I started sharing my journey publicly.

If you know me, you know this isn’t my default setting. I’m inherently introverted, so broadcasting my thoughts has never been my first instinct. Don’t get me wrong, I was never the type to be secretive about my projects, thoughts or growth, but I was also never the person to actively share my process. My comfort zone was quiet: build, learn, break, repeat (both my code and myself).

So, what changed?

The Frustration of the Plateau

The truth is, I was frustrated.

I took some time to reflect on my growth this year and realized I had plateaued. I felt like I hadn’t really challenged myself in the way I had in previous years. I was shipping things for a few clients (honestly speaking, even that was laughable compared to last year), but I wasn’t doing anything new or truly learning anything new. It felt like this year was just a repeat of the last.

Life right now is too young for me to remain in the same place I was last year.
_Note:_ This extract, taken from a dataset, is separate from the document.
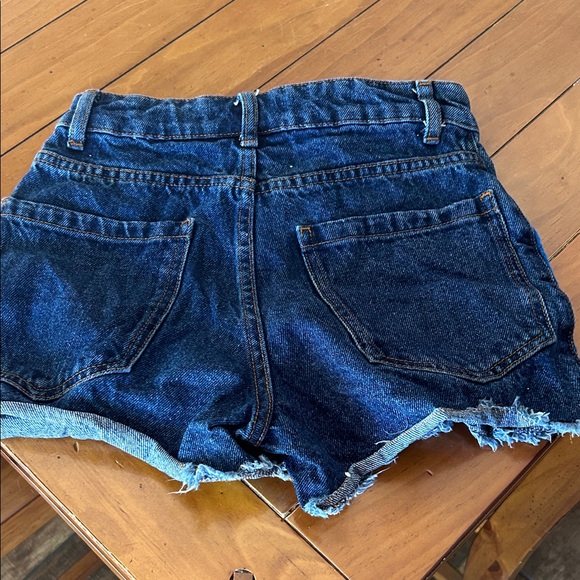 Farm Rio for Anthropologie Crochet Shorts Colorful Boho Knit Size 25 - Picture 3 of 4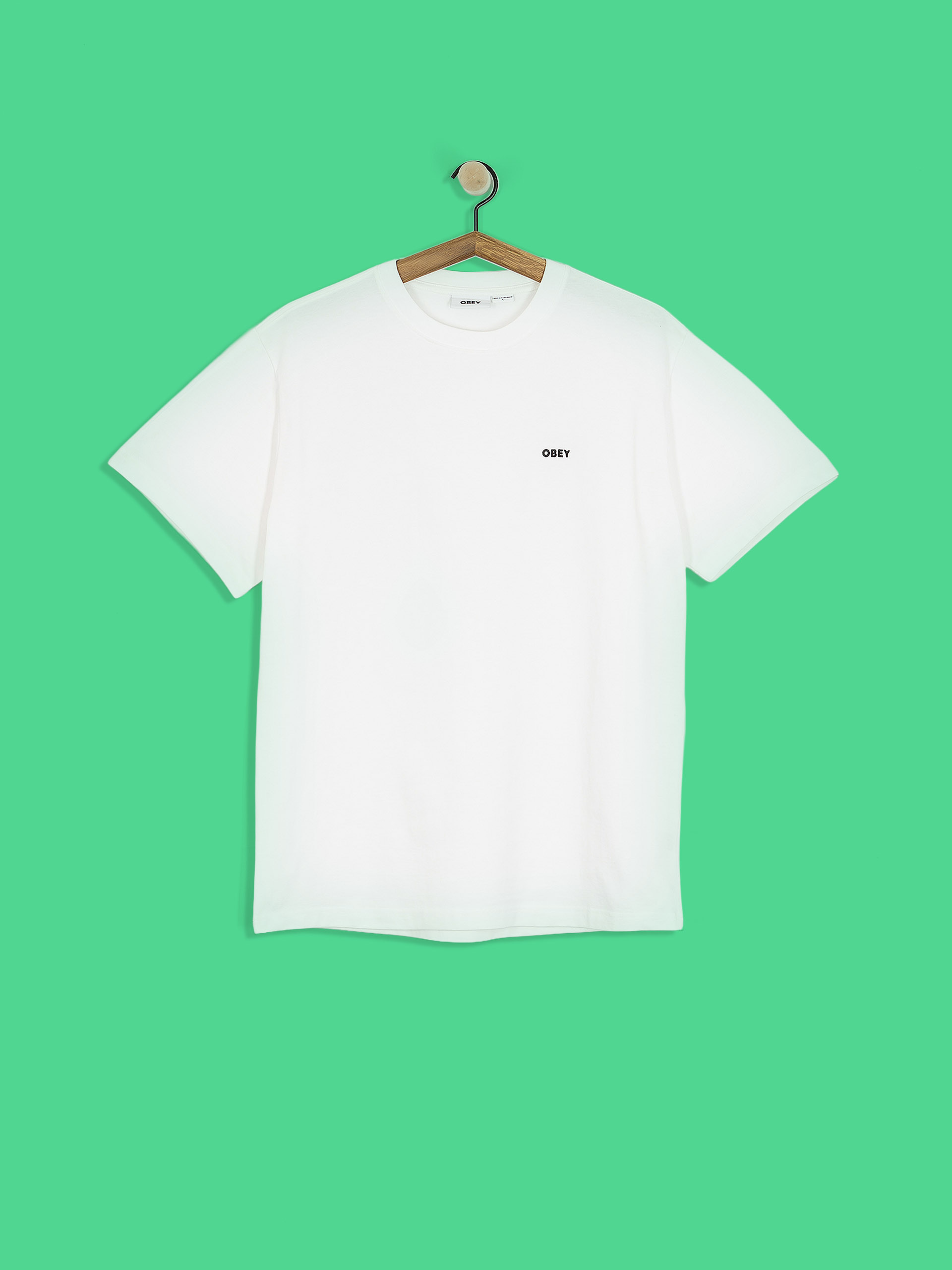 Тениска OBEY Established Works Bold (white)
While I’m grateful for how far I’ve come, it’s far too early to be satisfied.

That feeling was the “what.” The “why now” was a combination of that frustration and seeing a friend, let’s call him “Bob.” Bob is a lot like me—not the type to post, not the type to share knowledge, always feeling like he didn’t know “enough.” And then he just… started.

Seeing him do it made me realize this wasn’t about vanity. It was about forcing growth. Thanks Bob. I decided to start sharing my journey and the things I’m learning to act as a form of accountability to myself. It was a way to keep myself sharp, to grow with others, and to make sure I keep growing.

The (Real) Wall I Hit

Of course, deciding to do it and actually doing it are two very different things.

My real hesitation was never about secrecy; it was a potent mix of imposter syndrome and, frankly, seeing it as a waste of time that could be spent doing other things that, at the time, I thought mattered.

I always felt like I had to reach some level of “engineering enlightenment” to earn the right to share anything. I now realize that was just a way to hide. My mindset has shifted. It’s not that I think I’m someone who knows it all—hell no. The more things I learn, the more things I see that I need to learn. For me, this is simply about sharing the process: the things I’ve learned personally and the things I am learning, both in code and in life.

Then there’s the actual work.

I have a newfound, profound respect for creators who post informative and inspiring content frequently. I honestly thought, “How hard can it be?”

I can debug an API in 30 minutes, but it has taken me, without exaggeration, an hour to choose a carousel cover. Deciding on a hook for a post takes almost as long as deciding on a variable name. (Just kidding. A variable name still takes infinitely more time.)

This month has been a masterclass in juggling. Coming up with content pillars, planning calendars, designing dozens of posts while trying to keep them consistent, scheduling content, working on open source projects, and publishing my first public packages on npm and PyPI… all while juggling lectures and personal projects like BlackBridge.

It’s been challenging.

The Payoff No One Talks About

So, has it been worth it?

Yes. But not for the reasons I expected. The views and interactions are encouraging, and I’m grateful, but the real payoff has been entirely personal.

This process has been surprisingly fulfilling. It has forced me to process my thoughts better and structure my time in a way I never did before. I’ve had to get crystal clear on my “why” for the first time. I’m starting to understand the motives behind my own thoughts and feelings on a much deeper level.

Most importantly, it’s acted as a filter. There’s only so much I can handle at one time. This new commitment has forced me to “trim the fat”—to actively identify and remove things (and people) from my life that disturb my peace.

I’m not perfect at it yet, but it’s a start. This month, I’ve accomplished more than I could have imagined, all by stepping out of my comfort zone. Now that it’s out there, there’s no going back.

The accountability is real. And I can only go up from here.